At Abu Dhabi’s IDEX show, the CEO of Russia’s Rostec, Sergey Chemezov, stated, “We have been negotiating and have signed the intention protocol for the Su-35. Now we are working on designing ideas for this contract and on creating a manufacturing platform for an aircraft of the fifth generation.”
The size of India’s intended order remains uncertain, but could well be over 100 platforms, considering the size of previous orders and the planned size of orders for the FGFA fighter.
If reports of development of a fifth-generation platform based on the Su-35 are true, their results could be intriguing and lead to a world-leading fighter. The standard Su-35 design is more than capable of matching the performance characteristics of a fifth-generation fighter — with the sole exception of its lack of stealth capabilities. A fifth-generation variant of the Su-35 could well mean nothing more than modifying the fighter, termed a “4++” generation platform by Russia’s military, to incorporate stealth.
This would hardly be the first time that such a modification had been attempted. With the United States unwilling to export its F-22 Raptor fifth generation platform, Boeing has extensively modified the airframe of its F-15E strike fighter to develop the F-15SE Silent Eagle — a variant of the fighter with a reduced frontal radar cross section and radar absorbing paints.

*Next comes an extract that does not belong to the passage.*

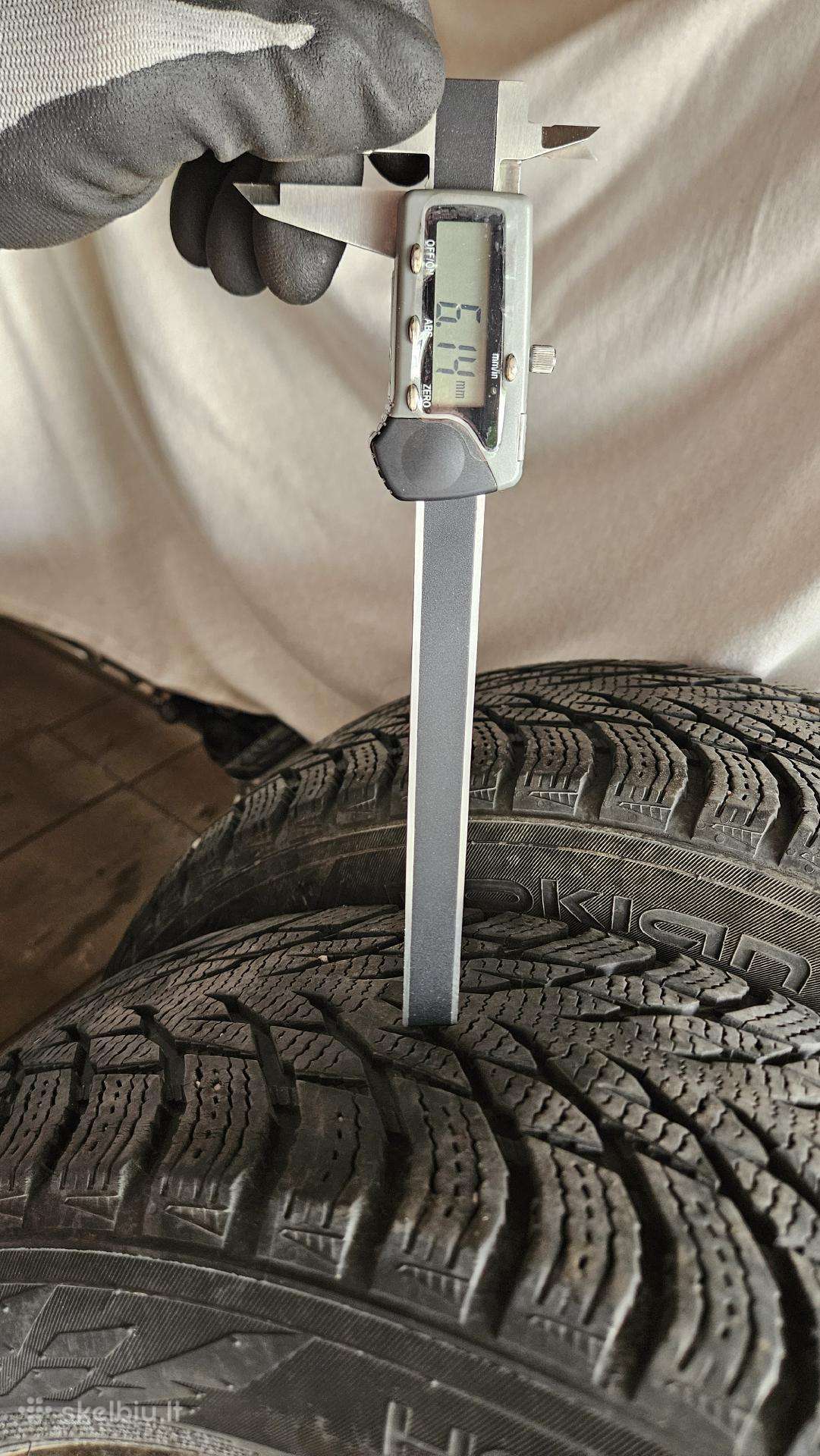 Nokian, žieminės 185/65 R15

While the F-15E lacks the upgraded avionics, advanced missiles, and supermaneuverability of the Su-35, and cannot be considered “fifth generation” even with stealth capabilities, its stealth variant allows U.S. allies to field low observable heavy fighters — something sorely needed in light of their inability to acquire the F-22 Raptor. Saudi Arabia, currently fielding over 150 F-15 and F-15E fighters, has notably expressed a strong interest in acquiring the platform. The modifications proposed for the Su-35 are likely to be in many ways analogous to those applied to the F-15E to create the F-15SE.
With Russia’s willingness to export the Su-57 as yet unknown, and with several potential clients seeking air superiority fighters with stealth capabilities, a modified Su-35 variant potentially based on a similar concept to the F-15SE could well prove a less costly and highly demanded product.
The United Arab Emirates in 2017 entered cooperation with Russia to develop a fifth-generation fighter, and has also shown interest in acquiring large numbers of the Su-35. A stealth variant of the fighter, which would fulfill the criteria of a fifth-generation platform despite being less capable that the Su-57, could well be ideal for the Arab state as well as for India.
In Indian hands the platform could provide the country with the critical advantage it seeks over China’s advanced J-11B and Su-30 air superiority fighters. With Pakistan developing its own light stealth fighter, New Delhi’s need to acquire stealth technology appears greater than ever.
The upgraded Su-35 variant is set to cost significantly more than the standard fighter, and come with far higher maintenance requirements. Should it be modified to deploy Russia’s latest missile platforms, such as the K-77 missiles developed for the Su-57 or the 400-kilometer range R-37 interceptor missiles, the stealth variant of the Su-35 designed for India could be a truly lethal, cost-effective alternative to the HAL FGFA.